Почему же не номинируется противник? Не потому ли, что, кто на нас напал и является сегодня истинным хозяином России? Есть войны, когда враг наступает извне. Кольцо может сжиматься, может расширяться. «Пятая колонна», которая существует абсолютно в любом государстве, занимает какие-то периферийные ниши. Это один вид войны. Но есть и другая ситуация. Враг не только вовне, но и внутри. Он занимает центр. Именно так было ровно четыреста лет назад в эпоху «смутного времени». И тогда ради спасения страны приходится решать принципиально иные задачи. А кто, возвращаемся к вопросу, ведёт сегодня информационную войну против России? Не возникает ли здесь образ крупнейших медиа-структур, научных и образовательных центров? Что такое ИНСОР?, Что такое Высшая Школа Экономики? Что такое Центральные каналы телевидения?
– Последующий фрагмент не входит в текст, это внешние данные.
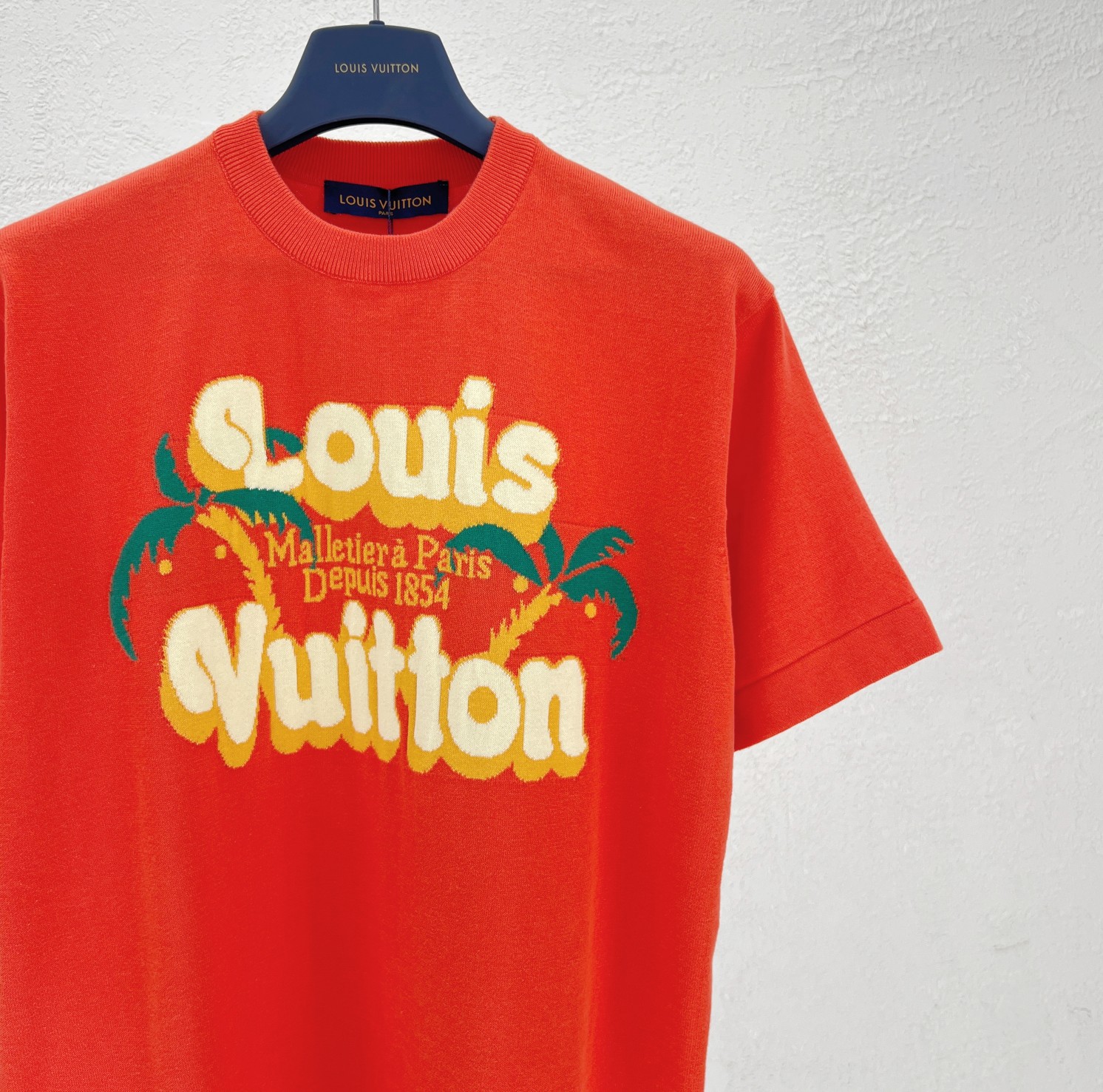 LV高仿短袖T恤紅色棕櫚印花款 夏日風人氣設計｜歐美奢侈品精品推薦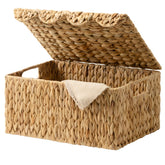 StorageWorks front view showing scalloped wicker lid and elegant storage benefit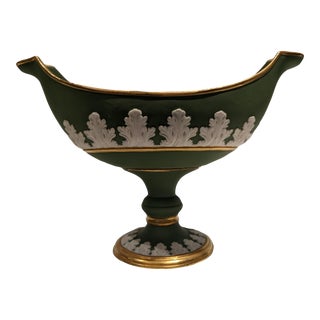 Vintage Italian Green Jasperware Decorative Bowl For Sale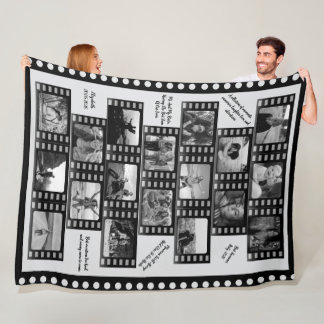 Custom 18 Photo Collage Travel Besties Anniversary Fleece Blanket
Наличие информационных войн это не какая-то конспирологическая выдумка, а доказуемый факт. Творческий эксперимент состоял в установление хронологической последовательности между явлением и его информационной раскруткой. По общей логике вначале происходит событие, а только затем его информационное распространение. Если же первоначально появляется информация, то значит именно она и вызывает к жизни явление. Темы для рассмотрения были взяты две: терроризм и фашистский экстремизм в России. Что обнаружилось? Первоначально подъем публикаторской активности по терроризму, и только потом рост динамики террористических актов. Первоначально рост публикаторской активности по теме русского фашизма, потом – собственно экстремистские акты. Это говорит о том, что именно СМИ и программируют такого рода действия. Технология информационных войн налицо. Контент-анализ средств массовой информации, выявление частотности оперируемых тем позволяет сегодня делать достаточно точные прогнозы в отношении политических процессов. Вспоминая афоризм Жана Бодрийяра, в комнате, где стоит телевизор, рано или поздно произойдёт убийство.
Определённые аналоги и ассоциации с обсуждаемым сегодня положением возникают при обращении к ситуации перед Второй мировой войной. Тогда советская политическая и в значительной степени военная элита не была готова к войне нового типа. Она продолжала жить представлениями двадцатилетней давности периода Гражданской войны. И тогда руководство страны нашло в себе силы и смелость пойти на смену элит. Это был, безусловно, кровавый инцидент. Никто с этим не спорит. Аналогия момента в другом. Современная политическая элита тоже не готова к войнам нового типа, и задача смены ее в целях обеспечении национальной безопасности сегодня – главный вызов, стоящий перед Россией.